EL SOL DE LA VEJEZ
¡Qué difícil es envejecer con alegría y naturalidad! ¡Qué duro es reconocer que se ha entrado en el atardecer de la vida y captar, al mismo tiempo, que aún queda mucho por hacer! Y al mismo tiempo, que eso que queda por hacer es algo muy distinto, ¡aunque no menos importante que lo hecho hasta ahora!
Hay tres cosas y que producen pena: un "viejo" de cuarenta años, un viejo que se cree "joven" y un viejo que se cree "muerto".
Y unas que producen alegría, un "joven" de ochenta años, es decir un viejo que asume la segunda parte de su vida con tanto coraje e ilusión como la primera. Pero para ser uno de esos, hay que aceptar, que el Sol del atardecer es tan importante como el del amanecer y el del mediodía, aunque su calor sea muy distinto.
El Sol no se avergüenza de ponerse, no siente nostalgia de su brillo matutino, no piensa que las horas del día le estén "echando" del cielo, no cree que es menos luminoso ni hermoso porque el ocaso se aproxima.
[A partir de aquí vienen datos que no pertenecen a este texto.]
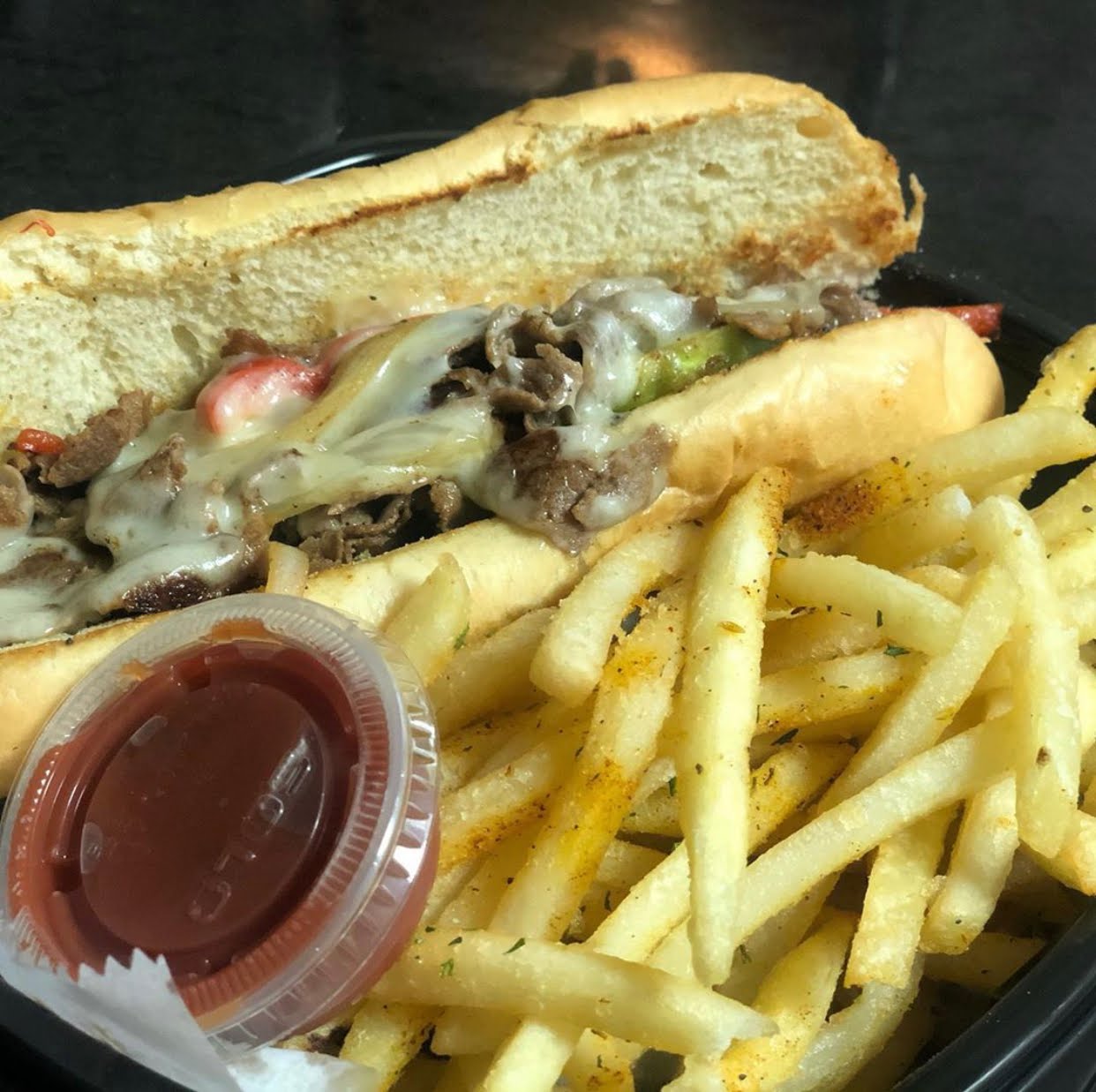 JDS SUMMERHILL VARIETY DELI by null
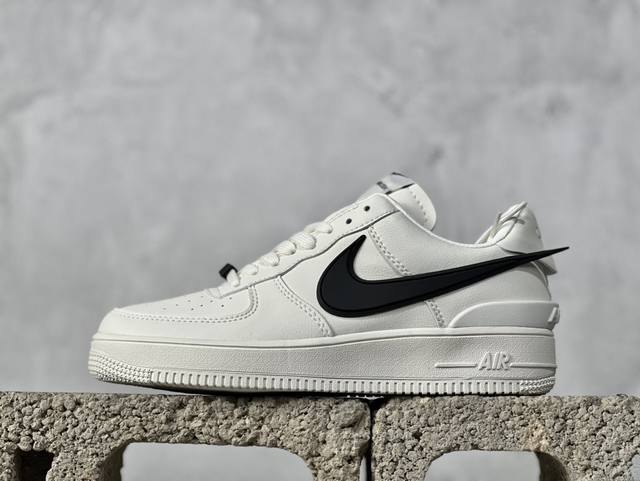 福利特价 AMBUSH x Nike Air Force 1 Low 大勾白色 货号：DV3464-002 尺码：36 36.5 37.5 38 38.5 39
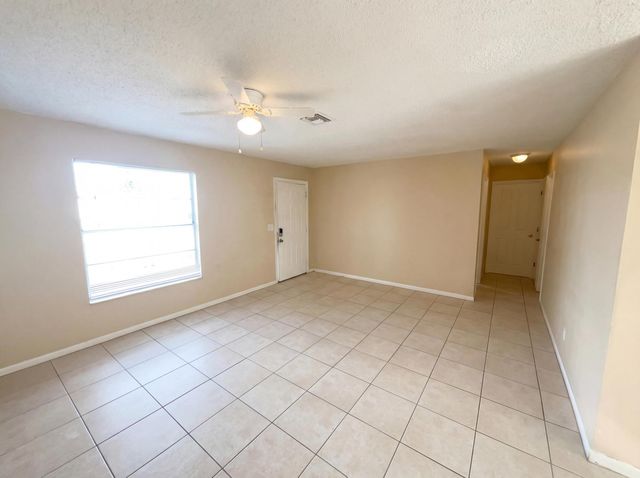 1118 SE Proctor Lane, Port St. Lucie, Port St Lucie, FL 34983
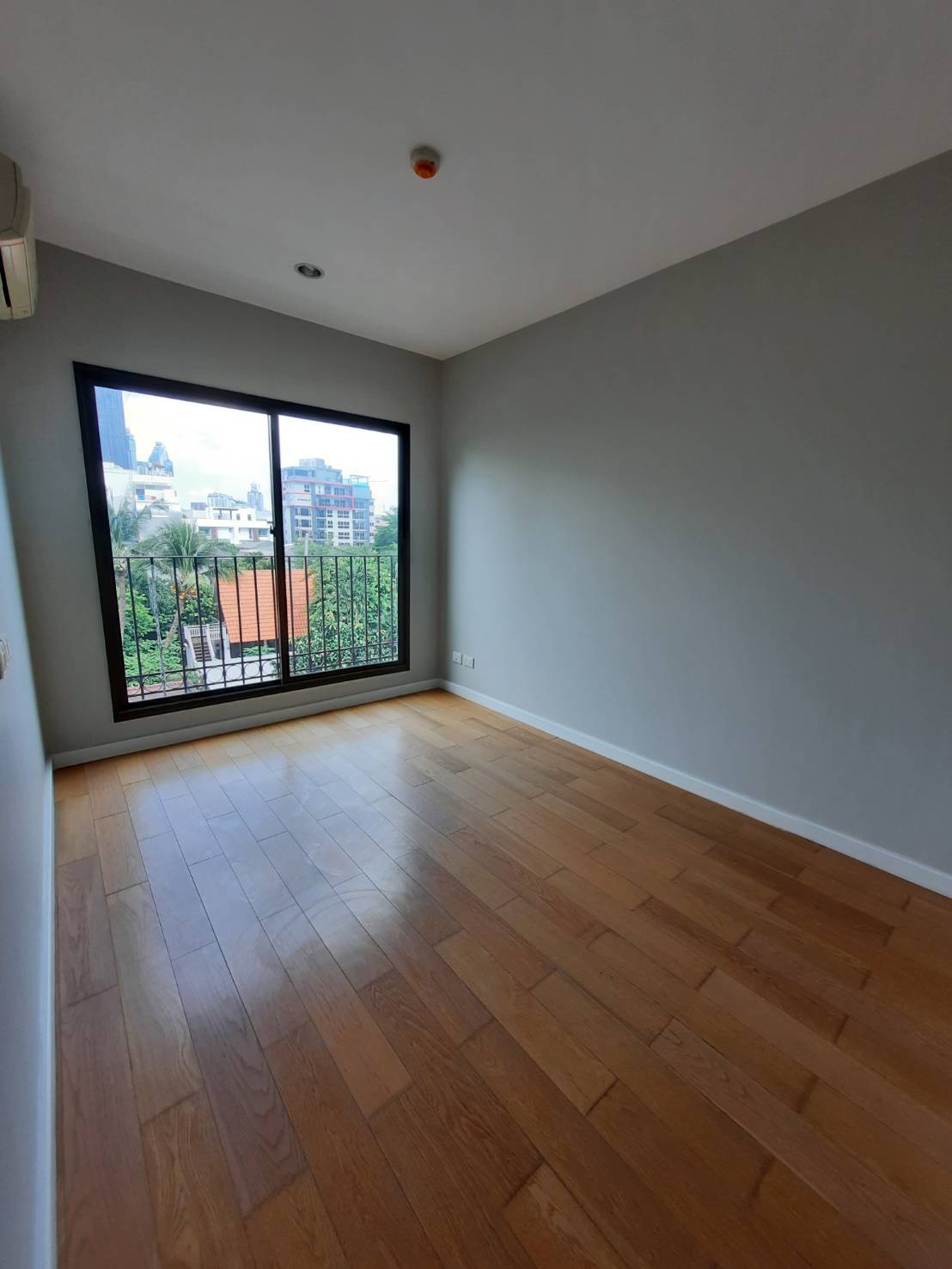 Condolette Dwell Sukhumvit 26 ภายในห้อง.jpg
Tampoco su resol sobre los edificios es menos importante o necesario que el que, hace algunas horas, hacía germinar las semillas en los campos o crecer las frutas en los árboles. Cada hora tiene su gozo y el Sol cumple, hora a hora, con su misión.
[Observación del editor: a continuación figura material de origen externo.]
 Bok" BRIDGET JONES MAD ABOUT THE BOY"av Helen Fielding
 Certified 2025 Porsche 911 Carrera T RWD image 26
Es verdad que la Naturaleza es más piadosa con las cosas, que los hombres con ellos mismos. Nadie desprecia al Sol de la tarde, ni le empuja a jubilarse, ni le niega el derecho a seguir dando su luz, débil, pero luz verdadera, necesaria, a veces la más hermosa. ¡Qué bien sabe el enfermo lo dulce de este último rayo de sol que se cuela, por la última esquina de la ventana!
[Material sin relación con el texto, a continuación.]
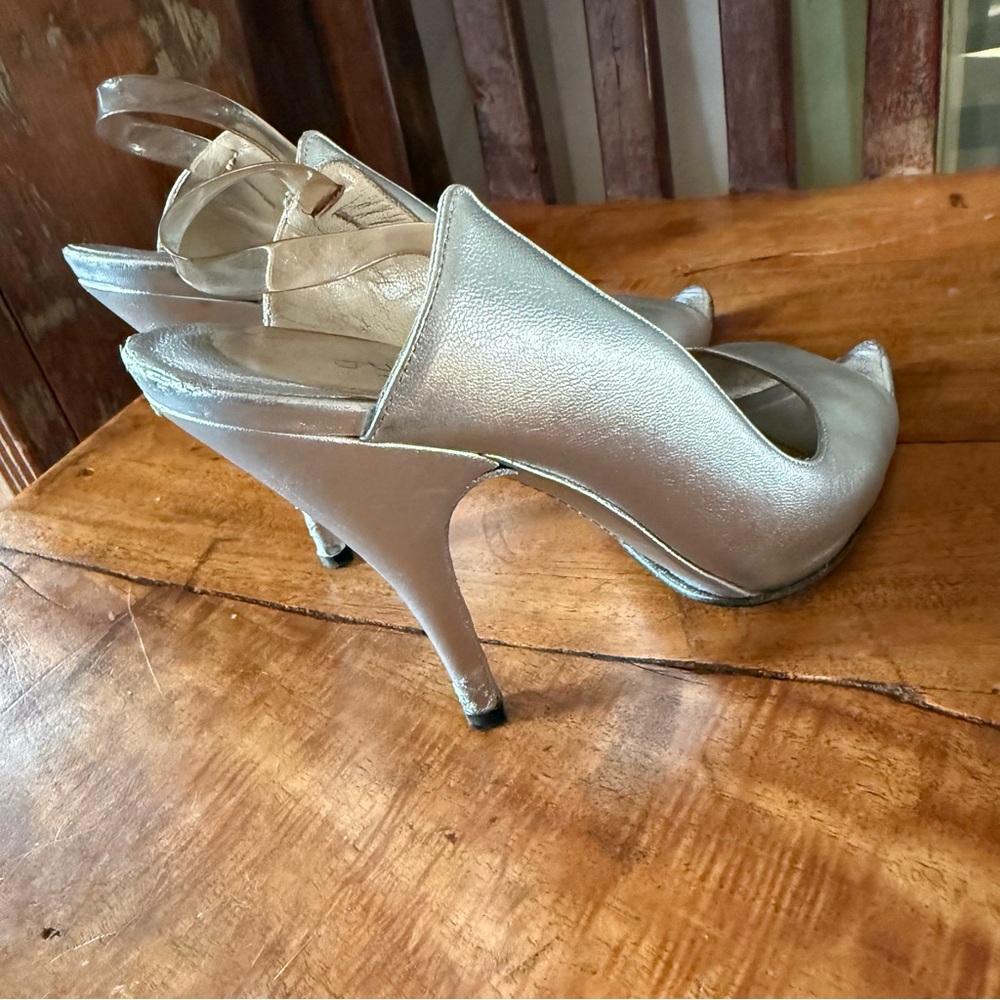 Vintage Gucci Silver Leather Slingback Heels – Size 7.5 - Picture 5 of 16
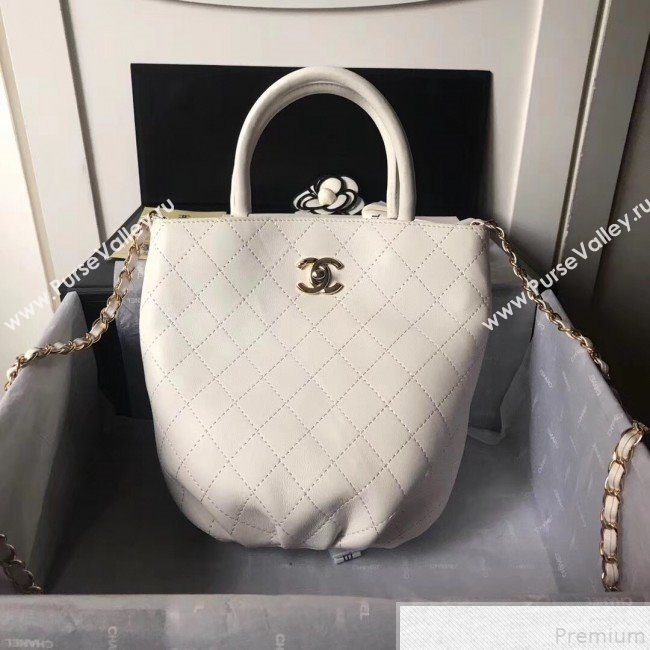 Chanel Quilted Calfskin Pleated Bucket Shopping Bag White 2019 (FENGH-9050907)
¡Si todos los ancianos entendieran que su sonrisa puede ser tan hermosa y fecunda, como ese último rayo de sol antes de ponerse! ¡Si comprendieran que el Sol nunca es amargo, aunque sea más débil! ¡Si pensaran lo orgulloso que se siente el Sol de ser lo que es, de haberlo sido, de seguirlo siendo hasta el último segundo de su estancia en el cielo! ¡Señor, no me dejes marchar hasta haber repartido el último rayo de mi pobre luz!.